═════ Supplied information ═════

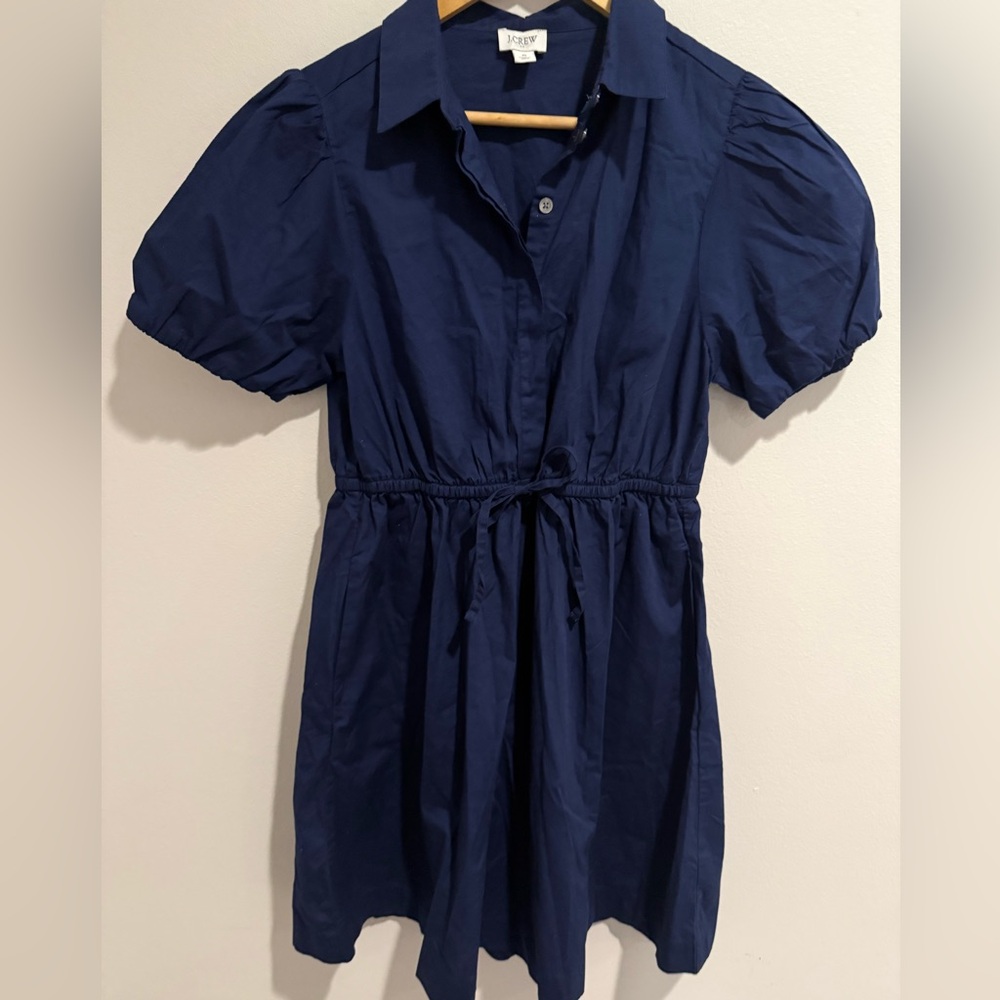 J.Crew Factory Navy Blue Mini Dress Puff Sleeve Collared Preppy Nautical - Picture 2 of 9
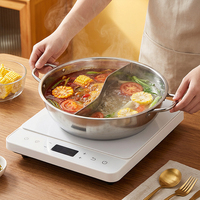 Marmite électrique à double compartiment en acier inoxydable 201, compatible induction, pour restaurant/cantine/usage domestique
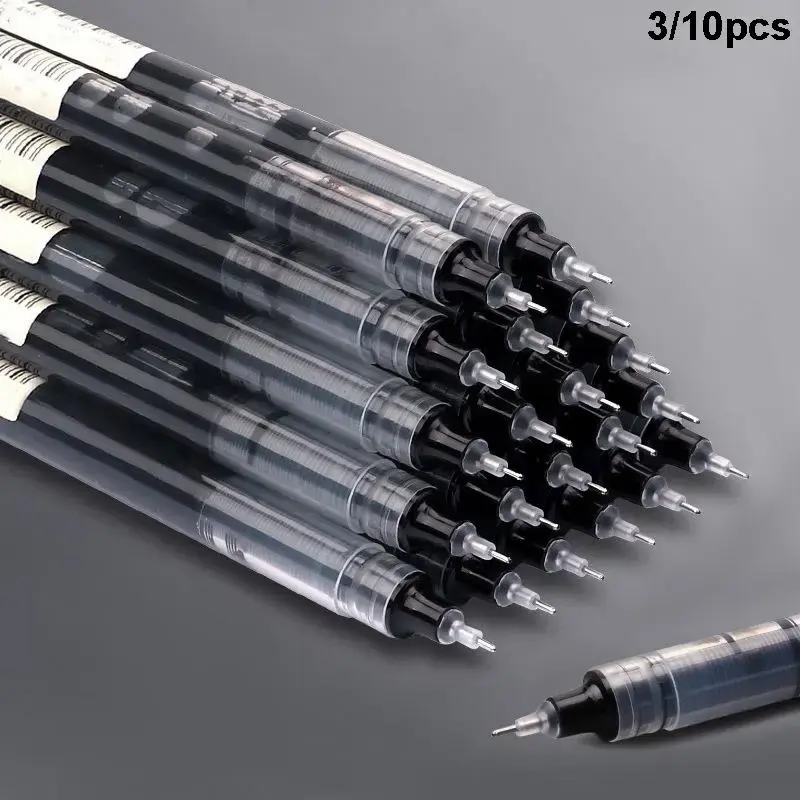 0.5mm Black Ink Gel Pen, Quick Dry Gel Pen, Straight Liquid Neutral Pen, Students Writing Stationery for School Office, Exam ...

═════

• **Task instructions**
Return the full material word for word. Do not include the pictures.

• **Expected output**
 J.Crew Factory Navy Blue Mini Dress Puff Sleeve Collared Preppy Nautical - Picture 2 of 9
 Marmite électrique à double compartiment en acier inoxydable 201, compatible induction, pour restaurant/cantine/usage domestique
 0.5mm Black Ink Gel Pen, Quick Dry Gel Pen, Straight Liquid Neutral Pen, Students Writing Stationery for School Office, Exam ...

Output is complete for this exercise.